What do you love the most about this sport?

I love coaching. I've been doing it for about 20 years. I get to show women and trans people how to hit properly. I give them access to things to hit, like heavy bags. They get to see in a very short period of time, even like two hours, how strong they already are. And then I get to see them see that. And that's one of the most exciting things ever. Especially women, you know? Sometimes women are told they're weaker, they're a piece of crap, or whatever. When [they] see that actually I'm not weaker, I'm way stronger than I've been told, that's empowering for them. And I get to witness that.

Any stories in particular come to mind?

I had a woman jump in my free boxing program for survivors of violence. She had just put her son into the temporary care of [the Children's Aid Society]—not because she wanted to, but because she had no support, no money. She wanted to make sure he was going to eat. Her worker said, 'Why don't you go check out this gym, they have a free boxing program.' She thought, 'Boxing? I never thought about boxing before.' She came, she was so bummed out. Within three classes, she realized she was a beast. She had no idea she was a beast. She went back to children's aid and said, 'Give me my kid back.' Around the eight-month mark, she said, 'Savoy, I want to compete.' I'm like OK! Took her to a couple fights, [and she] did very well. At the year mark, took her to the provincials, she got gold. Four months later, took her to the nationals, she got silver.



People who don't want to compete still get an equivalent reward out of it.

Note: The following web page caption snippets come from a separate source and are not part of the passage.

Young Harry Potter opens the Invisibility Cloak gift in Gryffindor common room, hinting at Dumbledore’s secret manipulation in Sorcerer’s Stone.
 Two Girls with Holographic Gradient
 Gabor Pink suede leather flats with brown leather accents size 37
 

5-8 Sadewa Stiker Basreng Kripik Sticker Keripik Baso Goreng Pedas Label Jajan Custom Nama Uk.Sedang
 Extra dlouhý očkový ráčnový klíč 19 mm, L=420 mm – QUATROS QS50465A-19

I hear stories of women who broke themselves out of isolation, especially trans women. Other people who had nightmares every night, once they start moving their bodies they don't have nightmares anymore. Left abusive partners. Finally got the courage to work on their résumé and get off their couch and get a job. Out of depression, you know? They are way stronger than they thought. I can show somebody how strong they are in one two-hour class. All I need is a heavy bag. I love my job. I'll never be rich, but I'm definitely rich in community.

What's your mantra?

Boxing is the art of not quitting. We train through a bell system. We hear a bell, we go at it for two minutes. At the one-and-a-half minute mark, you hear another bell, and that's where you work ten times as hard, so you train your body to work hardest when you're the most tired. It carries over into life. When you train enough in this crazy sport, sometimes a challenge will hit you in life, and it's like, nope! Keep going, keep going.

Savoy (right) with the women of the Newsgirls club. Photo courtesy Tracey Erin Smith

I think almost everything that happens in that gym is a metaphor for life. If someone comes in to train, [and] if their grounding sucks in life, their grounding sucks in gym. When you're ungrounded maybe you're anxious, panicked, it's like your feet aren't in the ground. So I might throw a set of leg weights on you, do lots of footwork.

All of a sudden, your grounding gets better in life. I've seen this for so many years. If your offense sucks, then chances are, outside of the gym when somebody says something to you—and you know you should say no—you don't say it. Then when your offense gets better, you can say no. It carries over. It's pretty cool.

Howe will be sharing tales from her 25-year boxing journey in her solo show, Newsgirl, opening this week.